CATHOLIC SCHOOLS OFFICE PROVIDES OPPORTUNITY FOR EXCELLENCE
ERIE — The Catholic Schools Office in the Diocese of Erie took a new approach to its Middle States accreditation process this year. Rather than each school completing the process independently, most of the schools opted to be included in a diocesan-wide assessment. The strategy was successful: the schools received word of their accreditation in April. Although the full report is yet to be sent to the diocese ─ look for a Diocese of EriE-News story soon ─ the Catholic Schools Office has begun to implement some preliminary recommendations.
The annual spring professional development day, “Curriculum, Instruction and Assessment” (CIA Day), held this year on April 30, provided a timely opportunity. During 16 workshops, preschool through eighth-grade teachers and administrators met with educational consultants who introduced strategies designed to enhance instruction across academic disciplines.
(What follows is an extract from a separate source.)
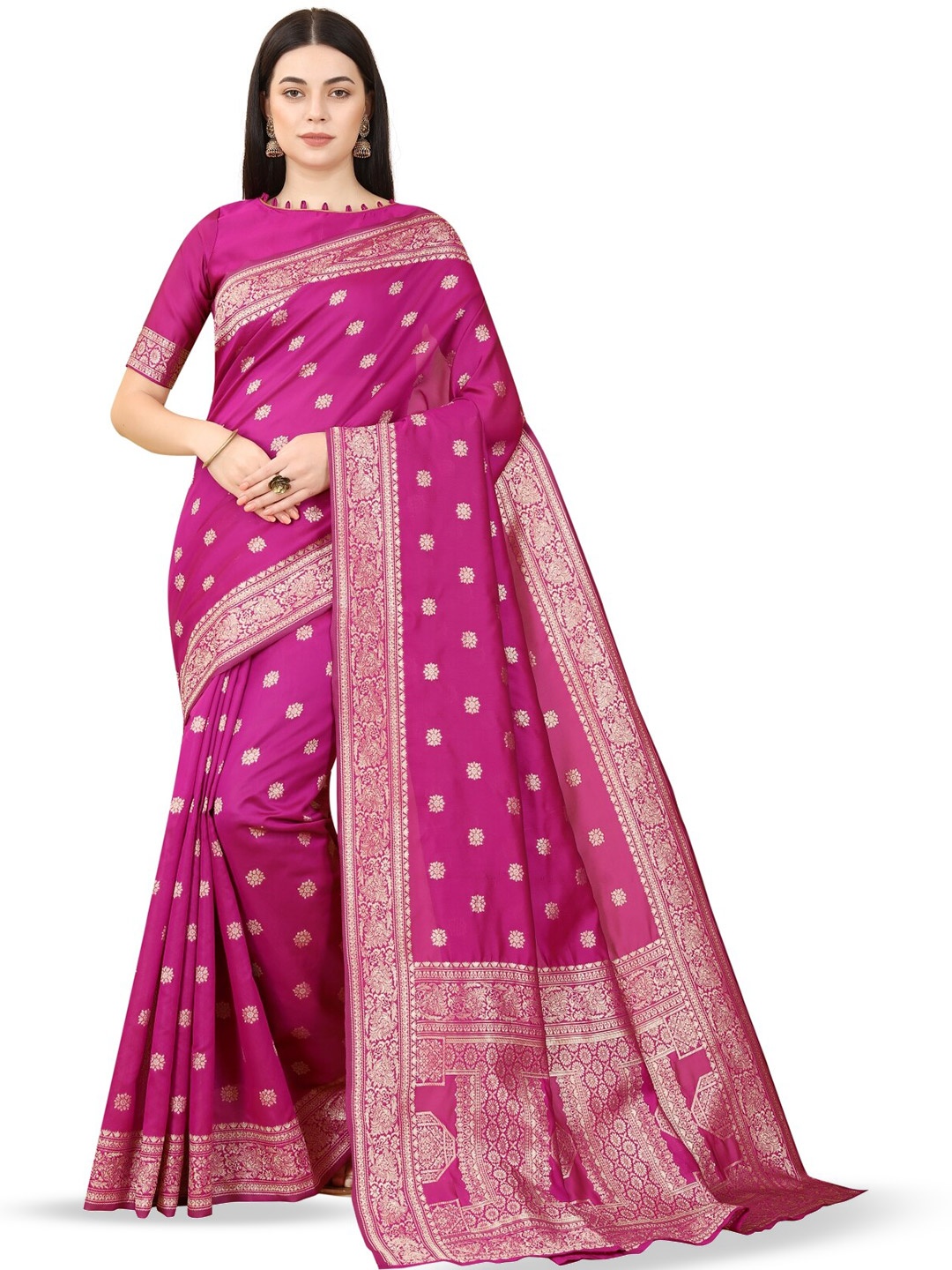 

Glorisa Floral Woven Design Zari Silk Banarasi Saree, Pink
“Working in professional learning communities allows teachers to build a strong cross-curricular framework that is a catalyst for continuous improvement and advanced student achievement,” says participant Angela Wyant, art teacher at St. Stephen Elementary and Venango Catholic High School, in Oil City. “It is an exciting process that allows teachers to work collaboratively and build relationships that help all students excel across subject areas. As a parent of a student in Venango Regional Catholic Schools, I am so happy to see that this is the direction our Catholic schools are headed, and as a teacher I am excited that we will get the opportunity to work together to better support our students. It truly is a great process!
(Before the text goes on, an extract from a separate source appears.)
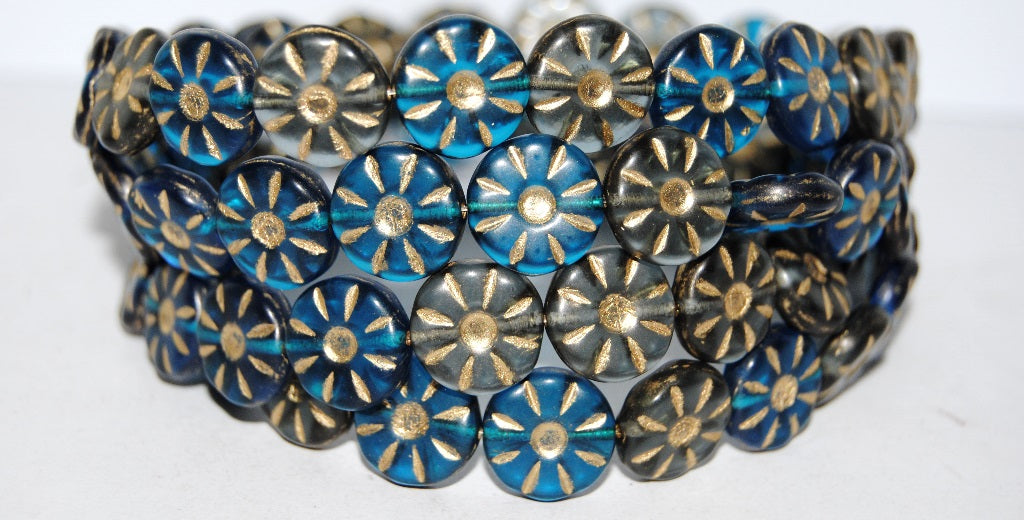 Flower Pressed Glass Beads, Mixed Colors Blue 54202M (Mix Blue 54202M), Glass, Czech Republic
At the CIA Day, educators were introduced to the Standards for Mathematical Practice being incorporated into the current curriculum. The standards “broaden the focus in the teaching of mathematics and encourage teachers and students to expand their thinking about the mathematics they encounter across curriculum areas and in real-life situations,” says Caryl Unseld, curriculum assistant for the Catholic Schools Office.
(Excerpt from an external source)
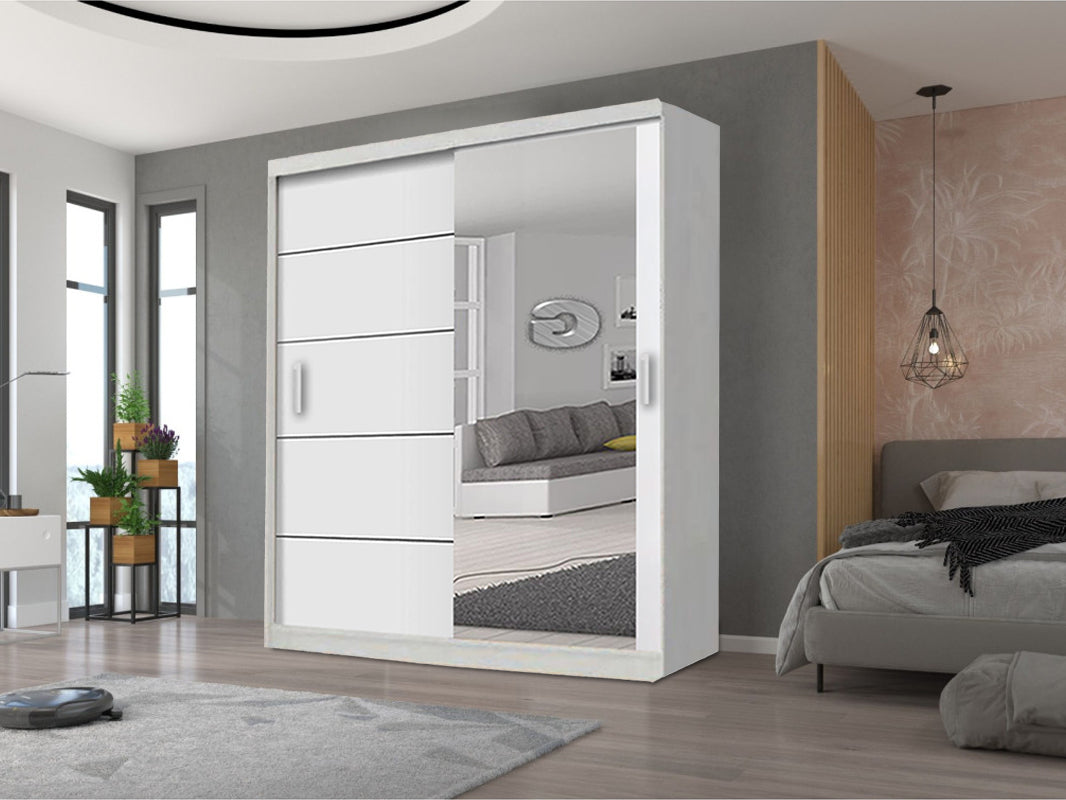 Lyon Modern Mirror Sliding Door Wardrobe – Space Saving Storage in Multiple Colours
The standards form life-long mathematical thinking habits. They encourage thinking deeply and generalizing skills from one problem to the next beyond those taught in the mathematics classroom. Learning goes beyond memorizing an algorithm (process) to understanding why the algorithm works and requires outside-the-box thinking whether in the science lab, art classroom or the gym.
“I was most impressed with the correlation between learning to read and learning math: the comparisons between phonics and numbers and the cohesiveness between problem-solving strategies in content areas,” says Matthew Masotto, fifth-grade teacher at St. John Paul II Elementary in Hermitage. “Incorporating (the standards into) the curriculum is fantastic. Developing in-depth and specific learning standards will allow us to zone in on areas of concern as well as areas of excellence in the students’ skills.”
The level of engagement of administrators and leaders was impressive as they “discussed content and implementation and planned for future opportunities for integration into their settings,” says Eliza Thomas, consultant and presenter, and provides a solid ground for impacting student achievement. It begins with the environment created for the teachers so they, in turn, create an optimal environment for students. “It will be exciting to see how a shift in thinking allows for maximum student impact,” Thomas says.
Presenter Kristin Hiltly, Hilty Consulting, also impressed by teacher involvement in the workshop and evident commitment to quality education, expresses confidence in the outcomes when students are “given the freedom to think flexibly about numbers and build critical thinking skills while keeping problem-solving at the forefront of their learning.”
The adoption of the Standards for Mathematical Practice will support teachers in adding a creative layer of pedagogy to an already robust curriculum and will have a positive effect on a student’s overall educational experience. Students in Catholic schools in the Diocese of Erie, who enjoy the privilege of a values-driven curriculum, will be better able to make informed contributions to the development of meaningful solutions to increasingly complex global problems.